住職レター 令和3年12月号

 12月の第一月曜日、コロナ禍二度目の写経供養とお焚きあげの法要を行いました。今年は岡山県が緊急事態宣言下になっている時期を除き、一年を通して写経会も開催することができました。2年前までは、法要の後には、精進会席料理を用意し、皆さまで和やかに会食をしていただいておりましたが、昨年に引き続き精進弁当を持ち帰っていただきました。
 写経供養が終わるといよいよ今年も終わるなあと感じます。1年間帰省が叶わなかった大学4年生の長男もいよいよ下宿を引き払って帰郷してきたので、子どもたちに手伝ってもらいながら迎春準備を始めました。落ち葉もほぼ終わり、雑草の生えてこない今の時期にしたい作務がたくさんあります。特に木の伐採、運搬作業は一人では大変なので、助かっています。
 以前お伝えした、境内の木の切り株を彫って仕上がったお地蔵様の名前を、SNS等で募集しておりました。幾つか素晴らしい候補をいただいていましたが、その中から選ばせていただいて、「きになる地蔵」と名付けることにしました。根をそのまま活かした形で、その上に鎮座している様に見えるように彫ってあるのが、まるで木になっているように見えると感じたためです。また「木になる」と「気になる」をかけてあるのもセンスがあると感じました。
 この名を考えて下さったのは、新見のお寺の和尚さまですが、そのお寺の名前が「地蔵寺」さまといいます。まさに名付け親にぴったりです。また、「なる」は「成る」に繋がり、成就や成功を意味します。「元気」、「勇気」、「好き」など参拝された方の「き」になる思いを願っていただければと思います。今は防腐剤を塗っておりますが、木製ですので、来年には、雨風に直接当たらないように囲いを作って、お地蔵さまの名前の由来や思いを表記しようと思っています。

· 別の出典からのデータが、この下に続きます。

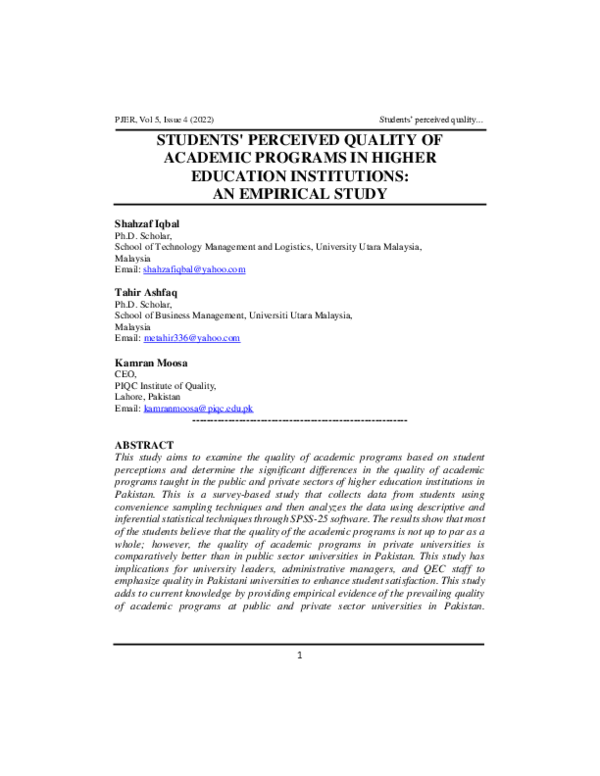 (PDF) STUDENTS' PERCEIVED QUALITY OF ACADEMIC PROGRAMS IN HIGHER ...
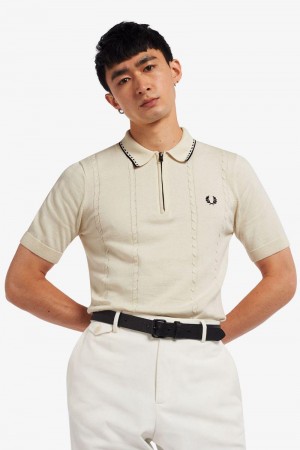 White Fred Perry Cable Detail Zip-Neck Knitted Men's Shirts | SG1563DFMN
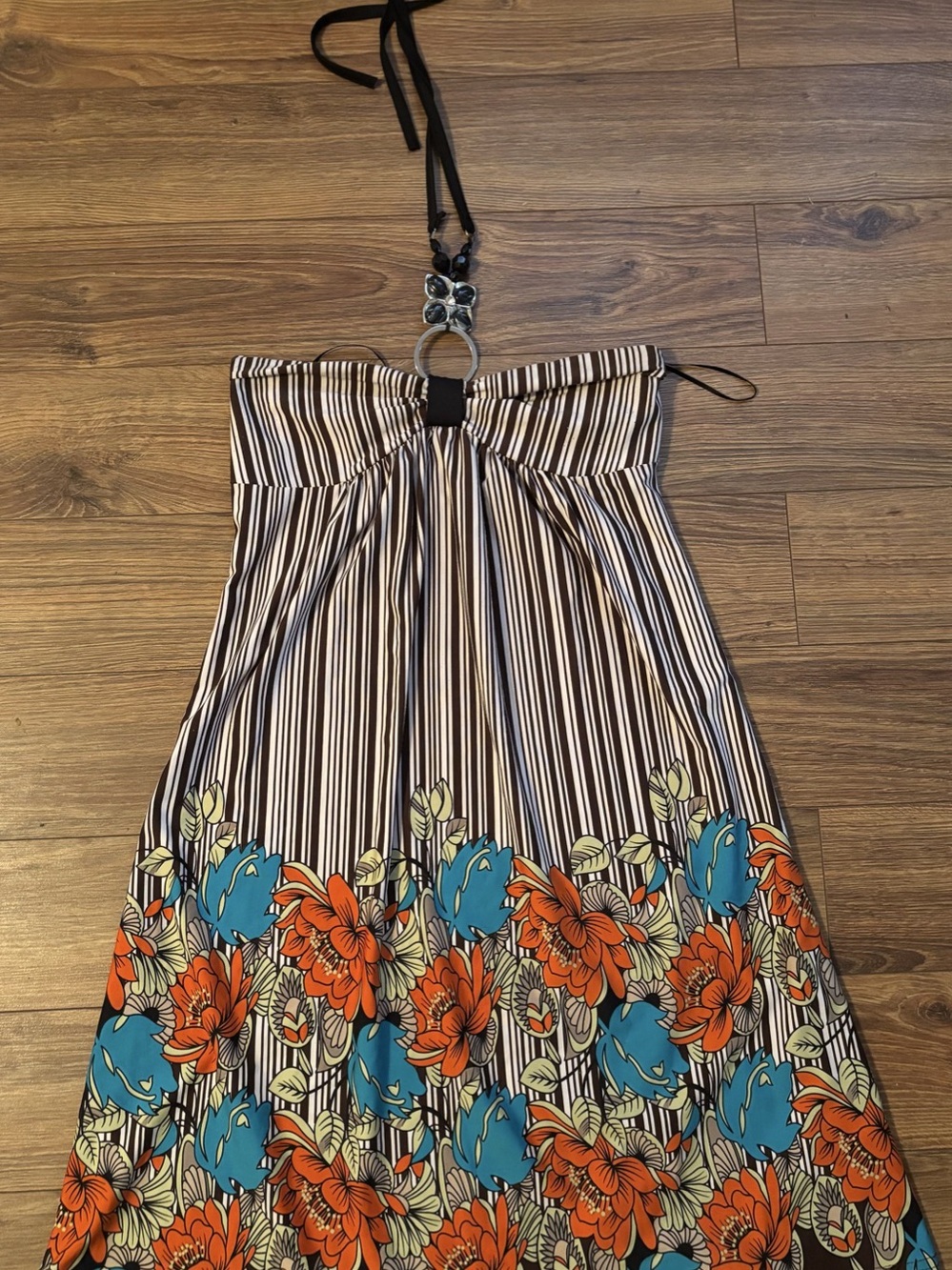 Striped Floral Maxi Dress in Black & Orange Like New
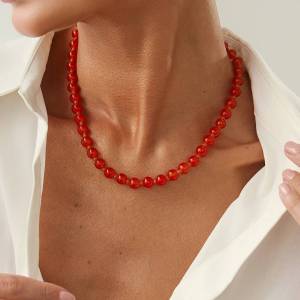 Ingemark | Ingemark Y2K Boho Glass Beads Chain Necklace for Women New Trend Collares Vintage Clavicle Chain Daily Party Jewelry Accessories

 年の暮れが近づき寒波がやってきましたが、冬の訪れがゆっくりだったためか、千両、万両などの赤い実が早く色づき、水仙などの冬の花が早くから咲き始めました。また、暖かい日が続いて勘違いしたのか、初夏に咲く高砂百合やツツジなども咲いて驚いています。温暖な瀬戸内地方なので、冬でも晴れた日には青空がのぞきます。お天気の良い日は外作務にはげんで新年を迎える準備をしたいと思います。新たな変異ウィルスの流入への不安など心配はつきませんが、情報に振り回されることなく、いつもの日常をおくり、穏やかな年を迎えられるよう願っています。